It is important to mention that in operational contexts, weather radar data typically require about 5 min for a full volume scan, which is followed by 4–5 min for preprocessing and model input generation. Although this study assumes preprocessed data, such latency should be considered in real-time deployments, effectively shifting the nowcasting window to at least 10 min to ensure timely warnings.

3.2. Physical Properties of Lightning

Lightning is a complex atmospheric electrical phenomenon arising from charge separation processes within convective clouds, particularly cumulonimbus. These discharges play an important role in atmospheric electricity balance and are commonly categorized into several types based on their geometry and propagation:

Cloud-to-Ground: Characterized by a discharge from the cloud base to the Earth’s surface, CG strikes are responsible for most lightning-related damage and are the primary focus of this study. CG events are typically associated with strong electric field build-up near the surface, which is intensified by vertical air movement and microphysical processes within the storm cell [1,16].
Intra-Cloud (IC) and Cloud-to-Cloud (CC): These occur entirely within or between clouds. Although more frequent than CG, they are generally less hazardous to surface infrastructure and are less detectable by ground-based systems [23].
Ground-to-Cloud: A rarer class, often initiated from tall structures upward, usually under high electric field conditions [23,24].

The duration of lightning varies from a few microseconds in leader propagation stages to tens or hundreds of milliseconds in multi-stroke CG events. CG strokes typically exhibit peak currents ranging from 10 to 200 kA, which are accompanied by intense optical and radio-frequency emissions [24]. Optical characteristics, such as the intensity and duration of light emission, differ notably across lightning types and may also vary with atmospheric conditions.
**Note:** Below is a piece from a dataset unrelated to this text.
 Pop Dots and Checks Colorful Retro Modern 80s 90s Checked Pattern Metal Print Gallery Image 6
Understanding these physical properties is important for those works that employ ML-based nowcasting models in weather radar data [25,26]. Here, it is important to mention that in our application, we have already received all these data processed and labeled by INPE; therefore, the model is not directly influenced by these characteristics. However, understanding signatures is important for evaluating model outputs.

CG discharges are often associated with strong reflectivity in the lower and mid-levels of the cloud due to the presence of large ice and mixed-phase hydrometeors [25,26].
IC lightning, in contrast, may correlate with elevated reflectivity at higher altitudes but weaker signatures near the cloud base [23].
The presence of hail, graupel, and supercooled water, key ingredients in charge separation, can be inferred from dual-polarization radar variables such as kdp, zdr, and rhohv, which were selected as model inputs in this study [25,26].
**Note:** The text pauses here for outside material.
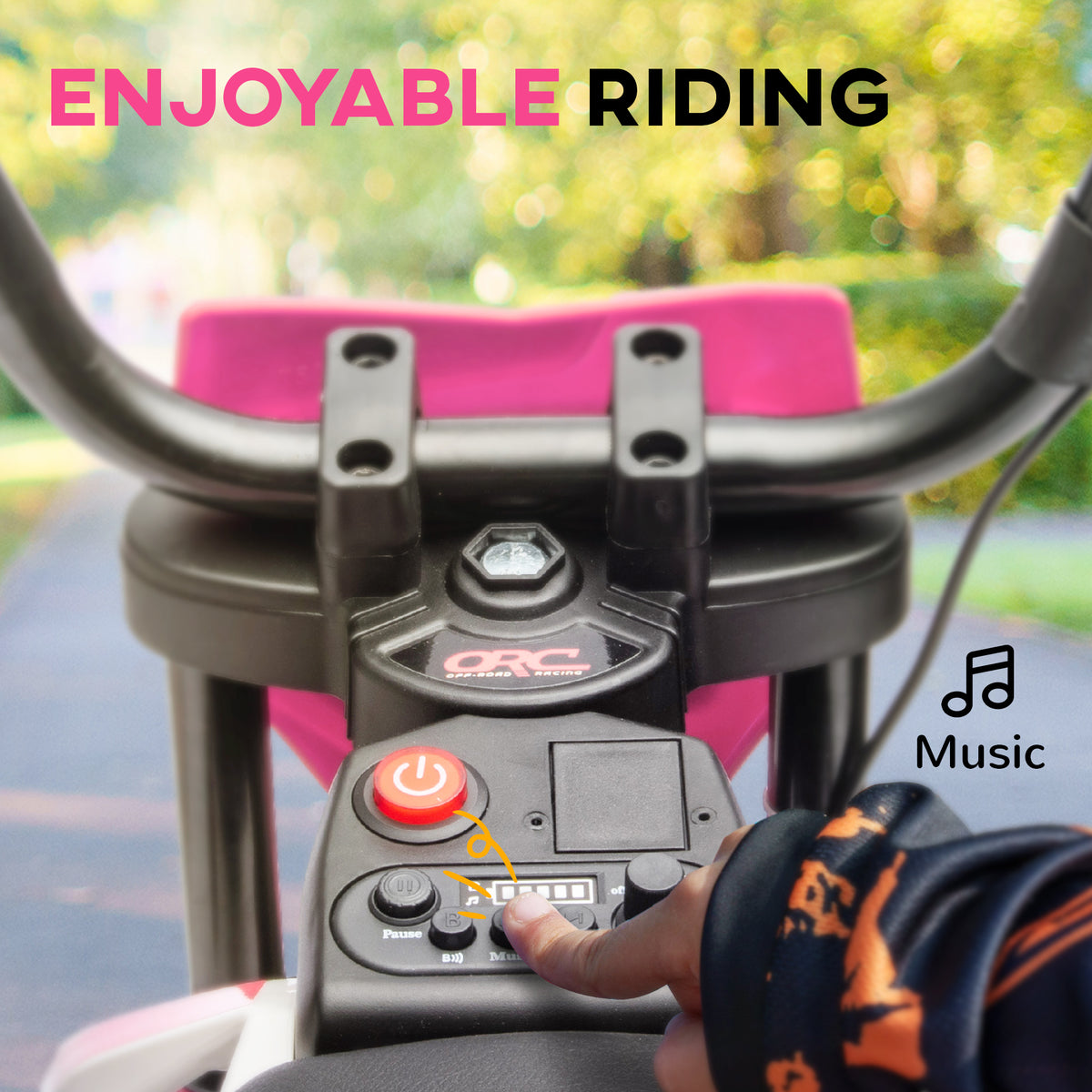 12V Kids Dirt Bike, Electric Motorcycle with Twist Grip Throttle, Training Wheels, Rear Suspension & Music-Toys & Games > Baby & Toddler Toys > Electric Ride-On Toys > Electric Motorcycles-DECOROLALA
The radar-based features used in our model, such as vertical reflectivity profiles and polarimetric parameters across atmospheric layers, aim to indirectly capture these physical conditions. However, a limitation remains: most ground-truth datasets only record CG lightning, meaning our target variable is inherently biased toward surface-reaching events.

Despite this constraint, the ML models may implicitly learn to differentiate lightning types based on radar patterns. For future work, more granular datasets could enable multi-class classification that separates CG and IC events. Finally, for an in-depth understanding of the physical aspects of this phenomenon, please refer to Dwyer and Uman [23].
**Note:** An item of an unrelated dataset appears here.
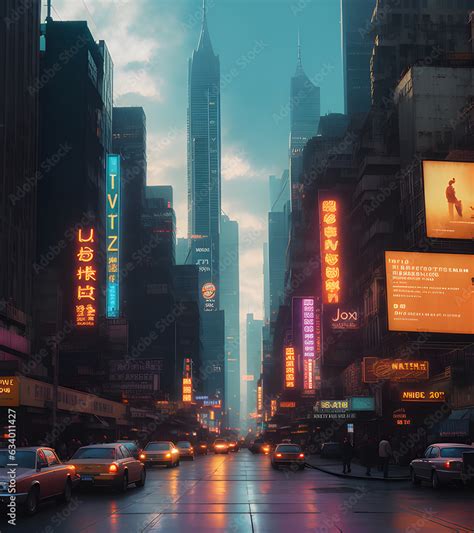 Cyberpunk Sci Fi City With Billboards generative ai üretken yapay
3.3. Lightning Prediction Approaches

This work describes three different approaches that were evaluated for predicting short-term lightning discharges. Furthermore, the most promising approach was intended to be integrated into the LEWAIS lightning prediction system [16] to enhance its two primary goals: improving people’s safety and mining productivity. For clarity, the three approaches are summarized in Table 1. A more detailed explanation, however, is provided in the subsequent subsections.

3.3.1. Approach 1: Grouping of zh, zdr, kdp, and rhohv Data by Layers

Description: The zh, zdr, kdp, and rhohv data in the warm, mixed 1, mixed 2, and cold layers were used as input for training ML models. The study of cloud microphysical behavior, based on Mattos et al. [9] and supported by the findings of Abreu et al. [6], demonstrated that stratifying polarimetric variables by thermal layers is effective in detecting changes in the microphysical profile of clouds during lightning events in the southeastern region of Brazil. Based on this evidence, the variables were organized by altitude ranges within the study area and employed as predictors in the tested models. We used temperature profiles (in °C) as the vertical coordinate instead of height levels (in km), following [9]. The vertical structure of these profiles was divided into four phases: warm (above 0 °C), mixed 1 (between 0 °C and −15 °C), mixed 2 (between −15 °C and −40 °C), and cold (below −40 °C). The data for these measurements were obtained from the University of Wyoming [27], considering all days of 2021 (training set) and 2022 (test set) at 12 UTC. The median height for each layer is defined in Table 2, which defines the classification of atmospheric layers based on temperature profiles and their corresponding altitude ranges.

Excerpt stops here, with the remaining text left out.